Address
- 1424 West Main Street Jacksonville, Arkansas United States
- Coordinates: 34°52′06″N 92°07′30″W﻿ / ﻿34.8684°N 92.1251°W

District information
- Type: Public
- Grades: PreK–12
- President: Daniel Gray
- Vice-president: Ava Coleman
- Superintendent: Dr. Jeremy Owoh
- School board: Jim Moore Dana Brockway Ronald McDaniel Lauren Martin Laura Walker N'keiba J. Estelle
- Schools: Pre-K 1 Elementary 4 Middle 1 High 1

Students and staff
- District mascot: Titans
- Colors: Red, gold, and black

Other information
- Meeting Place: First Monday Jacksonville City Hall 1 Municipal Dr Jacksonville, AR 6:30 p.m.
- Website: www.jnpsd.org

= Jacksonville North Pulaski School District =

School district in Arkansas

Jacksonville North Pulaski School District (JNPSD) is a public school district system located in Jacksonville, Arkansas, USA. The district serves the city of Jacksonville and a portion of northeastern Pulaski County, along with a portion of Lonoke County. Upon detachment from Pulaski County Special School District July 1, 2016, the district assumed operation of one high school, one middle school, and seven elementary schools.

== History ==
Until their detachment in 2016, Jacksonville-area schools had been part of the Pulaski County Special School District, one of the largest school districts in Arkansas. In the years leading up to September 2008, parts of the Jacksonville community expressed a desire to split from the PCSSD. This measure was approved by the board of the PCSSD during that month, legally clearing the way for the formation of what would become a separate Jacksonville school district.

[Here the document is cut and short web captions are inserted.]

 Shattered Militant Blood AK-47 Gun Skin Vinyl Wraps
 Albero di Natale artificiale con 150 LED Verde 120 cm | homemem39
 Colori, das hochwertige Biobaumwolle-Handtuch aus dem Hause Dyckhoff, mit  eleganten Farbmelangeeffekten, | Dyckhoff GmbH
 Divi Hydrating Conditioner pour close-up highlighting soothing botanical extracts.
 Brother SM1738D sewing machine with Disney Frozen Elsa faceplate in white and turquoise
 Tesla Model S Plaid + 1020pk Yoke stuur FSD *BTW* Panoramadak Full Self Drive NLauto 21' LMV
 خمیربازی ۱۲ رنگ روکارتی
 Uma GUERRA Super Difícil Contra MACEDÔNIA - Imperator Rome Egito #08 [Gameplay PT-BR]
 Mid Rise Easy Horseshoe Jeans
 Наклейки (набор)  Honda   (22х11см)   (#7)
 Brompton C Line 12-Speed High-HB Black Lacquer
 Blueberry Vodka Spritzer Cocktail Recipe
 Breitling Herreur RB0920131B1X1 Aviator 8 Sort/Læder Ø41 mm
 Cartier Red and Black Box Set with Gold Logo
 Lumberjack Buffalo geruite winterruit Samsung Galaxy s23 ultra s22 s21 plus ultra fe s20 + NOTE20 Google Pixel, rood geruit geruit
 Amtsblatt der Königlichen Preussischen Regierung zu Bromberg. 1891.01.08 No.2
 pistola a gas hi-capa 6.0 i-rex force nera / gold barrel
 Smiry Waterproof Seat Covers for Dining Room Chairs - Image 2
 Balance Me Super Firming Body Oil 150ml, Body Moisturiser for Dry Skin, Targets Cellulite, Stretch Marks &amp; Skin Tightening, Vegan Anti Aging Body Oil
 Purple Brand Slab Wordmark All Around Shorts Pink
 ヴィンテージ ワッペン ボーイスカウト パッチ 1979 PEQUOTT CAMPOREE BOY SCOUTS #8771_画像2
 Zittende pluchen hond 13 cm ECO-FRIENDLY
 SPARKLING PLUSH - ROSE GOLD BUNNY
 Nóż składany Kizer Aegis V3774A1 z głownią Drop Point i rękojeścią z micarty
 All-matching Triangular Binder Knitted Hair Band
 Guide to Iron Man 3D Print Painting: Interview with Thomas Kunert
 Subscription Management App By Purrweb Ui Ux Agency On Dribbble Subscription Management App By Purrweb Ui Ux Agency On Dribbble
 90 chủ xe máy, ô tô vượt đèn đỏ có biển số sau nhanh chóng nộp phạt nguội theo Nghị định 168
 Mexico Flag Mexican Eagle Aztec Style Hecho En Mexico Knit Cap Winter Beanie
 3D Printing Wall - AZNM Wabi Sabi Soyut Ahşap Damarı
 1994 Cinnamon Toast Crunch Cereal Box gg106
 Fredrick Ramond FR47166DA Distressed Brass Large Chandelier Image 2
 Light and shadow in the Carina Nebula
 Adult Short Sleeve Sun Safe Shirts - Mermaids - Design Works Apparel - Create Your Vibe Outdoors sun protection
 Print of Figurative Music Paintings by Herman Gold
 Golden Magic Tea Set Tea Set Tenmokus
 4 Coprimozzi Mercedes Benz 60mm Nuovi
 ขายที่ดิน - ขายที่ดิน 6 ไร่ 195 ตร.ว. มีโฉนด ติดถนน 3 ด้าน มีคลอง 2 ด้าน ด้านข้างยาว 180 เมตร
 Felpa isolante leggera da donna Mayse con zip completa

In a response to a petition signed by more than 2,000 voters, the Arkansas Board of Education ordered an election to carve a new school district out of the existing PCSSD. Jacksonville voters approved of the separation on September 16, 2014 with a vote of 3,769 for and 218 against (94.53% to 5.47%).

The Arkansas Board of Education approved an order in November 2014 to create a new Jacksonville-area district. The future district would continue to be administered by the Pulaski County Special School District until final detachment projected for July 1, 2016.

A negotiated plan to separate the JNPSD from the PCSSD was approved by U.S. District Judge D. Price Marshall Jr. on October 14, 2015. The plan spelled out how the two school districts would split a multimillion-dollar state desegregation aid payment, assets and liabilities, in anticipation of the new district beginning independent operation on July 1 the following year.

== Schools ==
- Jacksonville High School
- Jacksonville Middle School
- Jacksonville Elementary School
- Bayou Meto Elementary School
- Bobby G. Lester Elementary School
- Murrell Taylor Elementary School
- Homer Adkins Pre-Kindergarten Center

== Former schools ==
- Arnold Drive Elementary School (closed following 2017-2018 school year; replaced by Bobby G. Lester Elementary School)
- Tolleson Elementary School (closed following 2017-2018 school year; replaced by Bobby G. Lester Elementary School)
- Warren Dupree Elementary School (closed following 2023-2024 school year; replaced by Jacksonville Elementary School)
- Pinewood Elementary School (closed following 2023-2024 school year; replaced by Jacksonville Elementary School)

==Athletics==
In 2016 the district began trademarking its athletic logos, so people selling merchandise reflecting the school district have to pay the school district.